++++ Data segment

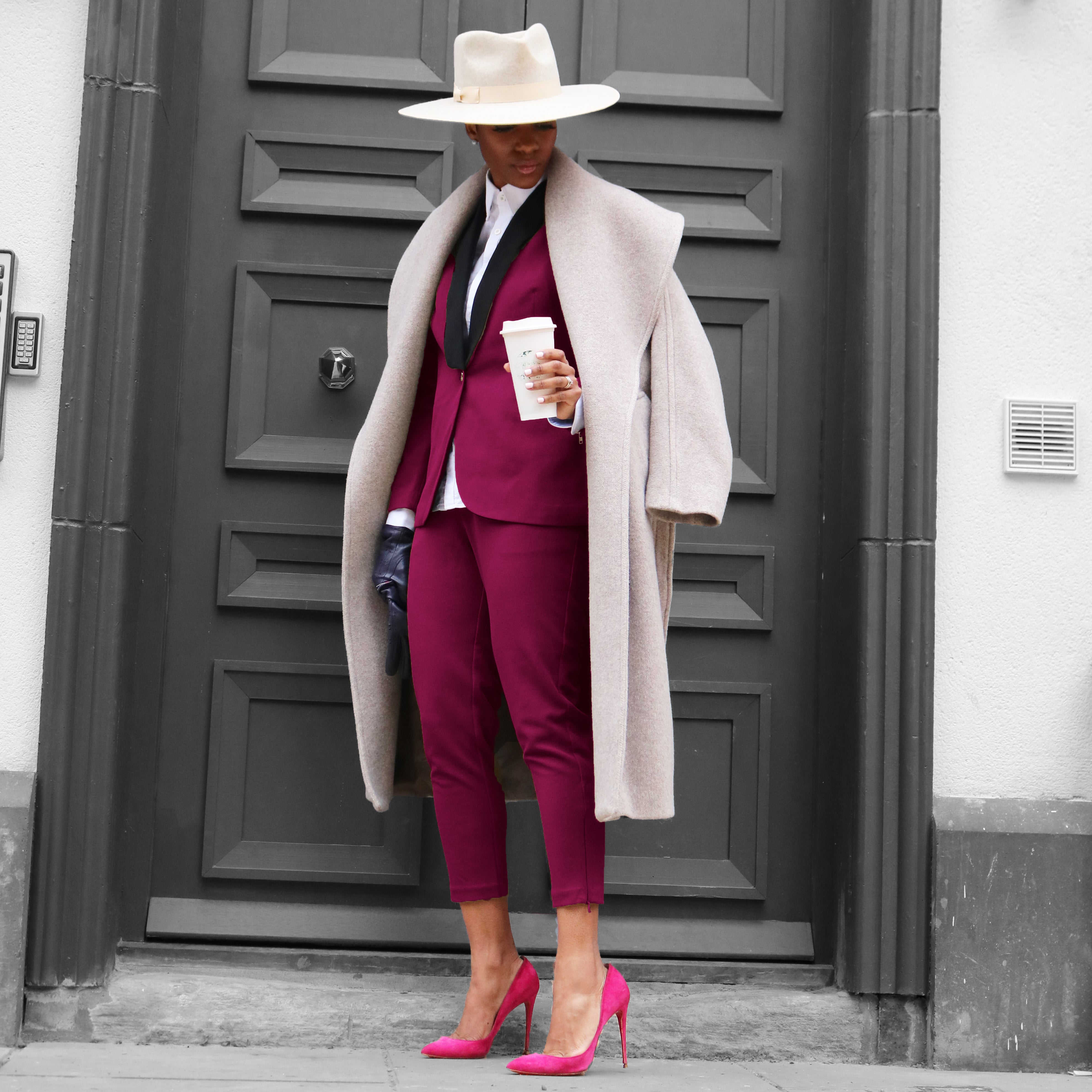 Fuchsia Pink women’s suit set — Rebellious tailored crepe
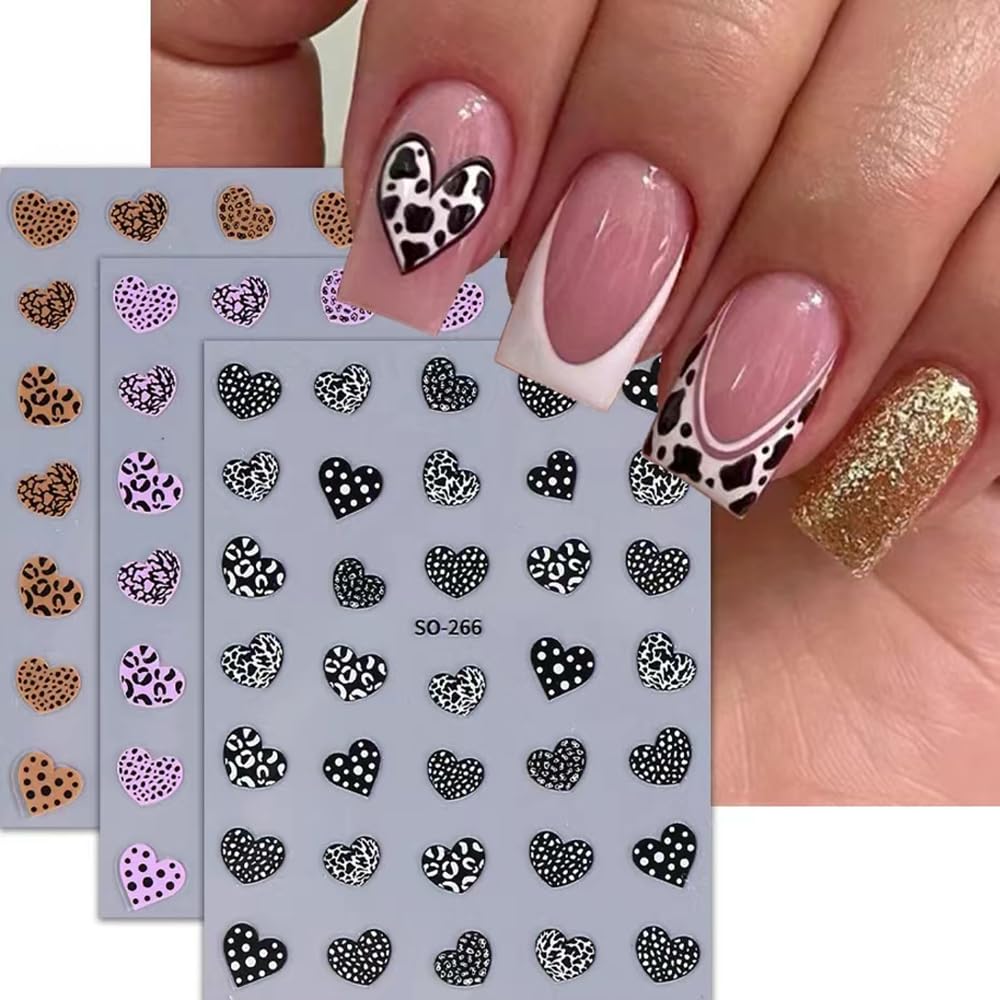 Valentine's Day Leopard Print Heart Nail Art Decal 6PCS 3D Self-Adhesive Stickers - Brown, Black, Purple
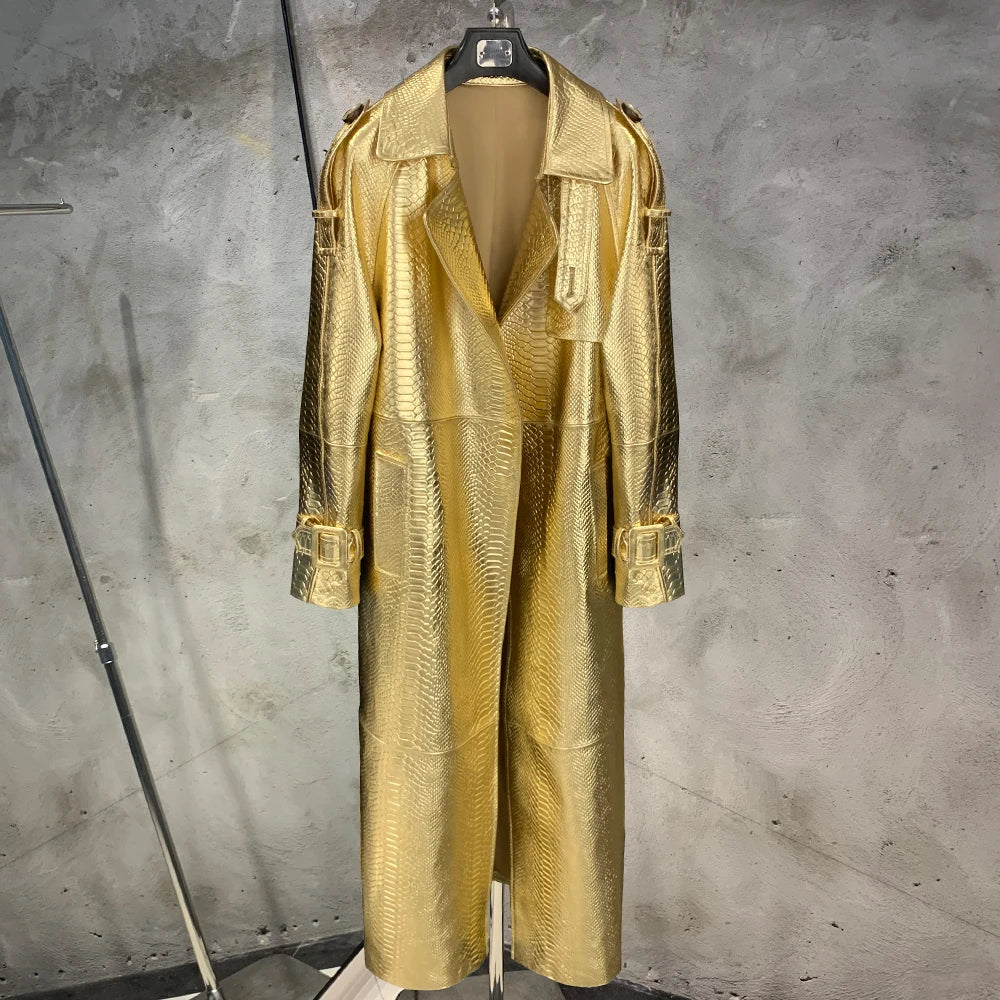 Leather Coat Orange Long Ladies Real Sheepskin Coat Genuine Sheep Leather Windbreak Long 21018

++++++++

Exercise instructions:
Drop the pictures and reproduce the rest of the data exactly.

Task result:
 Fuchsia Pink women’s suit set — Rebellious tailored crepe
 Valentine's Day Leopard Print Heart Nail Art Decal 6PCS 3D Self-Adhesive Stickers - Brown, Black, Purple
 Leather Coat Orange Long Ladies Real Sheepskin Coat Genuine Sheep Leather Windbreak Long 21018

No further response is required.